> [TASK DESCRIPTION]:
For this exercise, write out only the lines of the entries below from the one with "ਨਸ਼ੇ ਕਾਰਨ ਪੰਜ" up to and including the one with "Laurent Saint-Cyr multiplie", exactly as they are. Pictures stay out.

======== THE INPUT

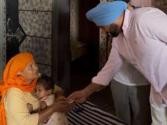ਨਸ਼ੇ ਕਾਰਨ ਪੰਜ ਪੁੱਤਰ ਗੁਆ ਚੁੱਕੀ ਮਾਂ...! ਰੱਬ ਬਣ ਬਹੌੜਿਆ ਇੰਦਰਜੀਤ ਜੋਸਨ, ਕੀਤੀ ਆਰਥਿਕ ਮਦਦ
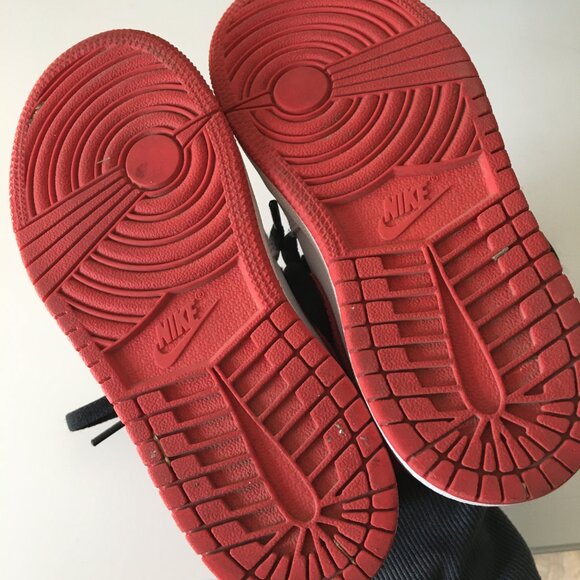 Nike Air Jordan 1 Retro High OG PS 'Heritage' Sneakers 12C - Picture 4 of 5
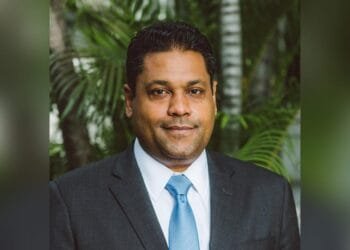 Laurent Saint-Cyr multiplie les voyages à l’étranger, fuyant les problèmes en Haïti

================
======== THE INPUT

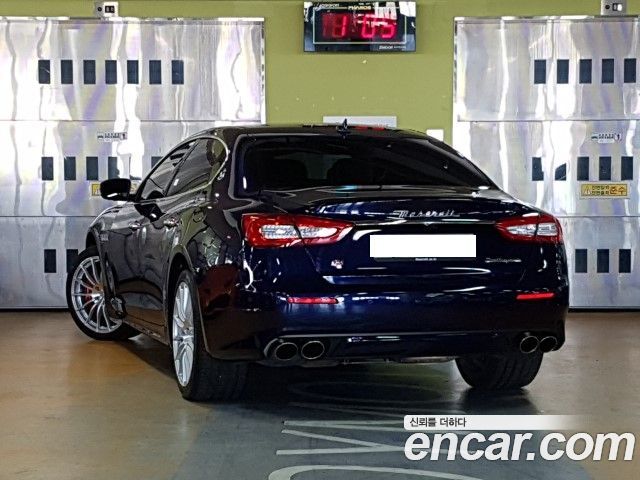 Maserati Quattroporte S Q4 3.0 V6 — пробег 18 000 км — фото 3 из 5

================
======== THE INPUT

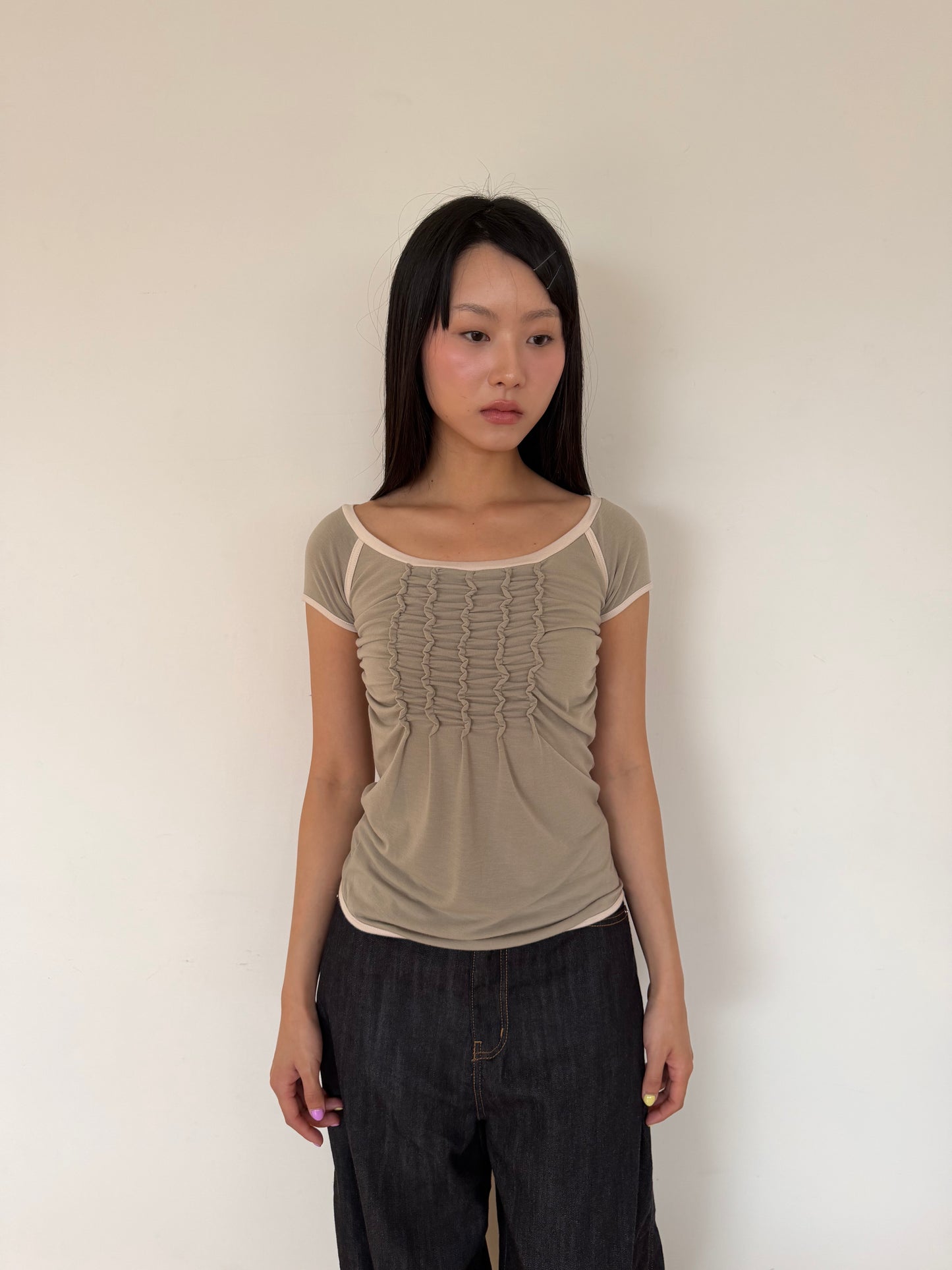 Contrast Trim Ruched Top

================

> [RESULT OF THE TASK]:
ਨਸ਼ੇ ਕਾਰਨ ਪੰਜ ਪੁੱਤਰ ਗੁਆ ਚੁੱਕੀ ਮਾਂ...! ਰੱਬ ਬਣ ਬਹੌੜਿਆ ਇੰਦਰਜੀਤ ਜੋਸਨ, ਕੀਤੀ ਆਰਥਿਕ ਮਦਦ
 Nike Air Jordan 1 Retro High OG PS 'Heritage' Sneakers 12C - Picture 4 of 5
 Laurent Saint-Cyr multiplie les voyages à l’étranger, fuyant les problèmes en Haïti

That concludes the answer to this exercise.